◆ **Working data**:
*-*-*

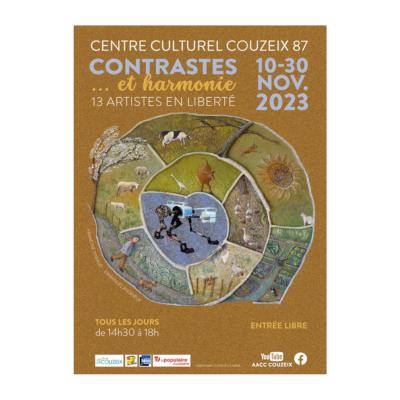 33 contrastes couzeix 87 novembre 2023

*-*-*

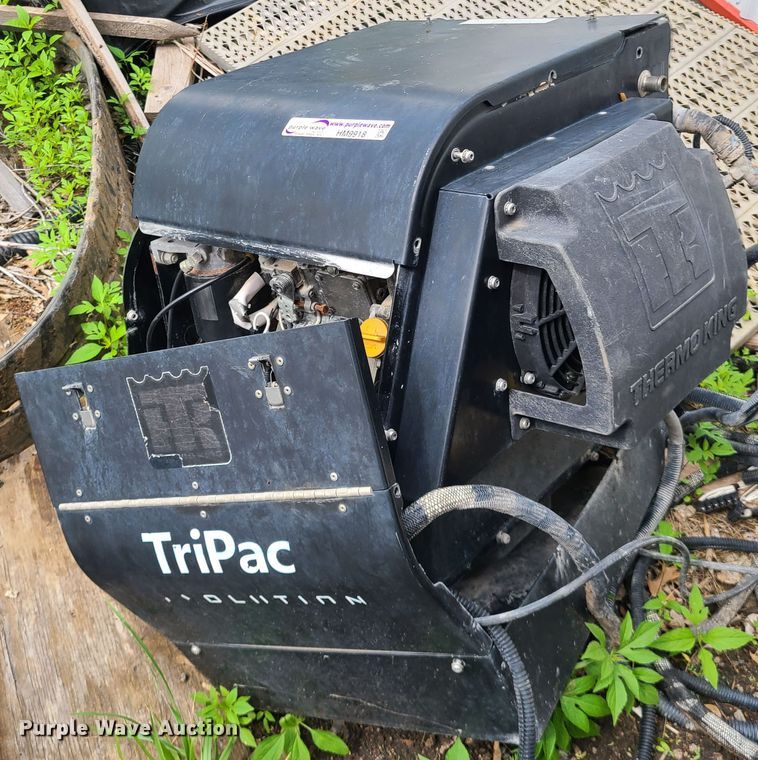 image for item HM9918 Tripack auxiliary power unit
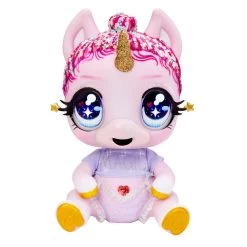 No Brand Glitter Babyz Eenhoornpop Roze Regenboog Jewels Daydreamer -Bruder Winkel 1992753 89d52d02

*-*-*

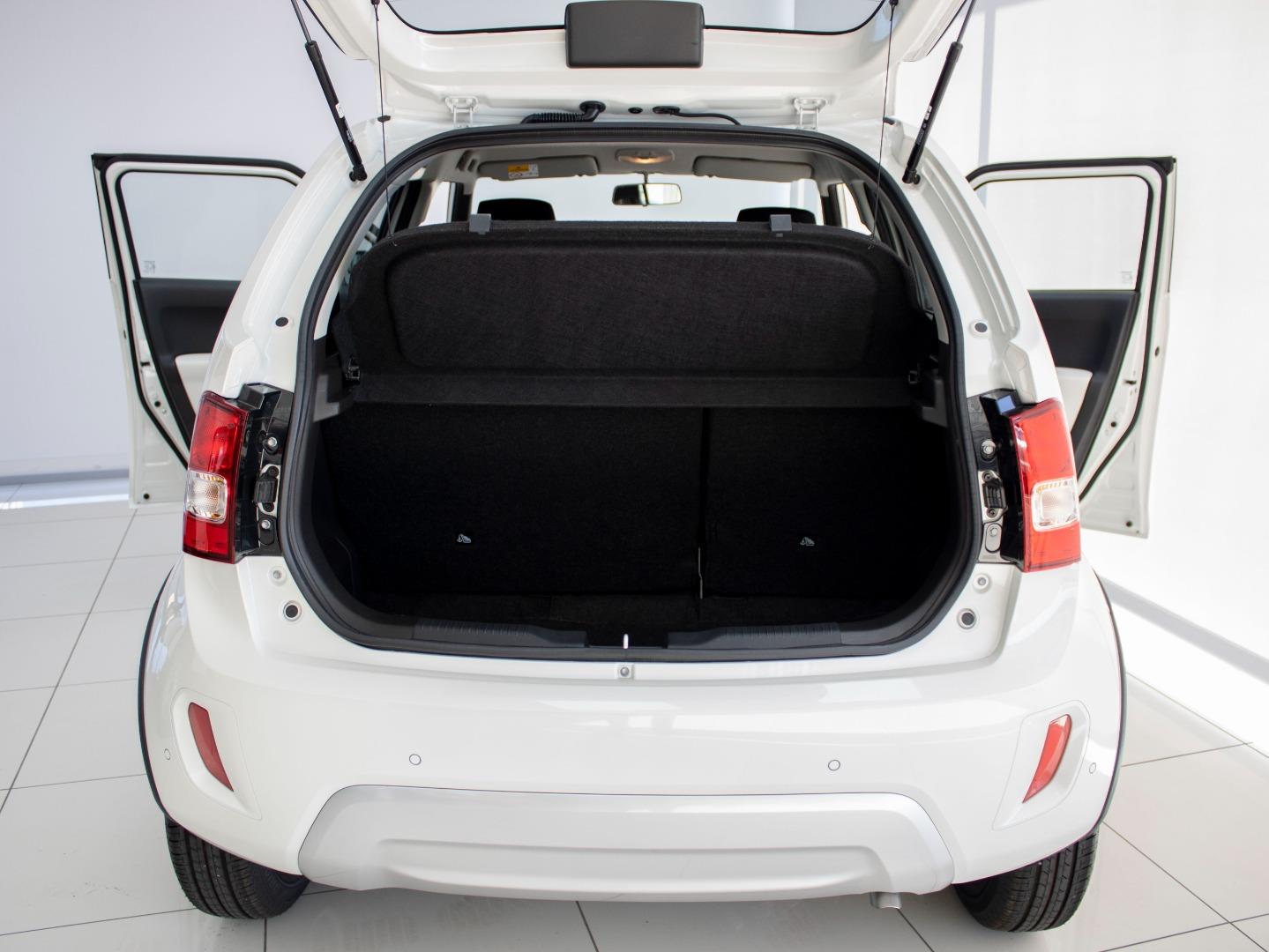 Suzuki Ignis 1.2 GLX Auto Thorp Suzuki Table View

*-*-*

◆ **Problem to solve**: Everything from the line with "image for item" through the line with "No Brand Glitter" in the material above should be transcribed exactly, except the pictures.

◆ **Written reply**:
 image for item HM9918 Tripack auxiliary power unit
 No Brand Glitter Babyz Eenhoornpop Roze Regenboog Jewels Daydreamer -Bruder Winkel 1992753 89d52d02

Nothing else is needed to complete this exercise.